Dataset

Start of Block

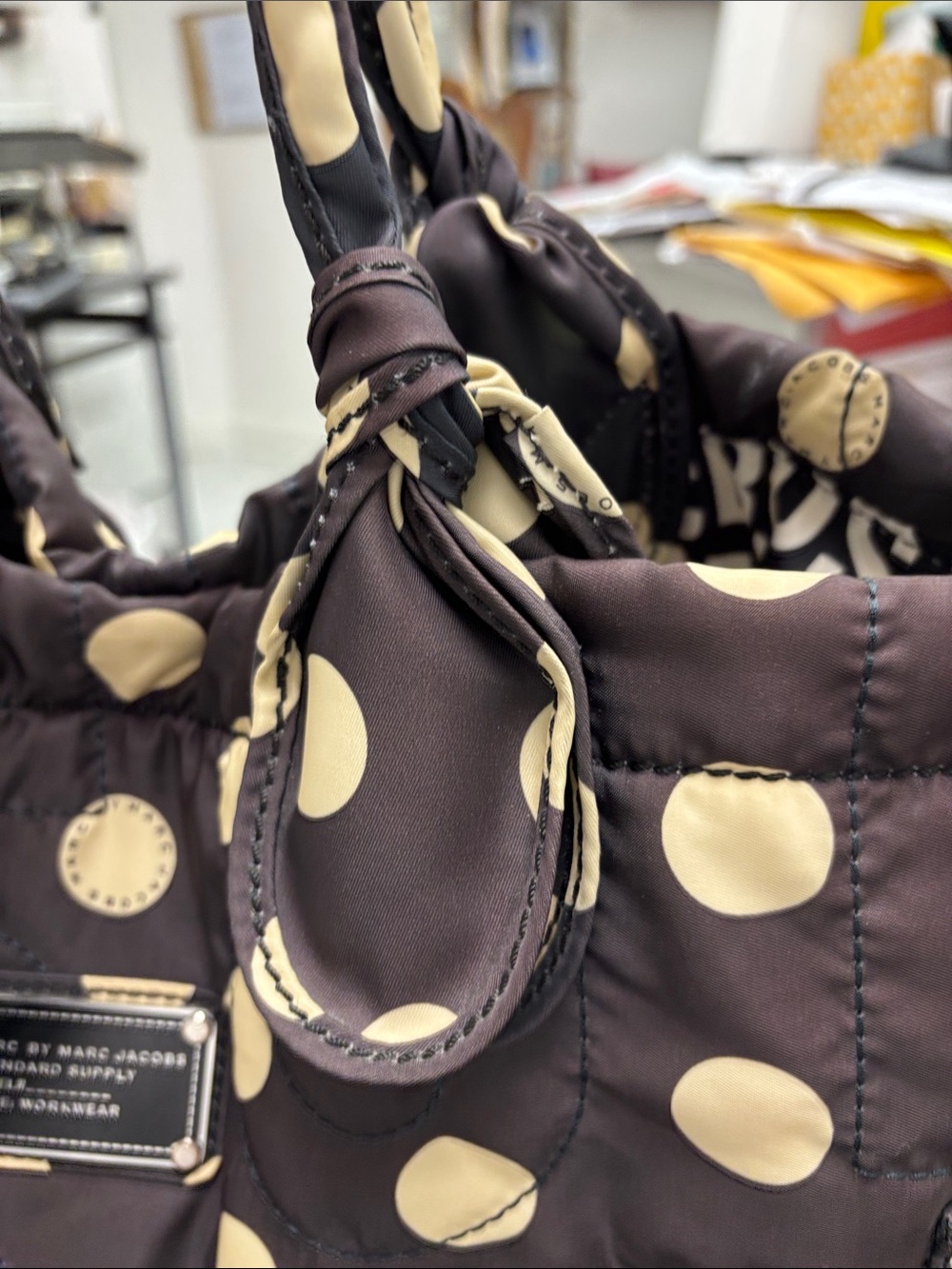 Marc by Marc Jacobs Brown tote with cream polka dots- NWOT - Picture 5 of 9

End of Block
Start of Block

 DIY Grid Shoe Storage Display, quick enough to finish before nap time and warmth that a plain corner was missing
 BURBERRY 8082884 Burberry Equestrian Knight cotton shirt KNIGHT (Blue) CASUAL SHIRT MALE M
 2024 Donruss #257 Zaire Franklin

End of Block

Activity
Your task is to retype the entries verbatim, starting with the line that holds "DIY Grid Shoe" and stopping after the line that holds "2024 Donruss #257 Zaire Franklin".

Finished exercise
 DIY Grid Shoe Storage Display, quick enough to finish before nap time and warmth that a plain corner was missing
 BURBERRY 8082884 Burberry Equestrian Knight cotton shirt KNIGHT (Blue) CASUAL SHIRT MALE M
 2024 Donruss #257 Zaire Franklin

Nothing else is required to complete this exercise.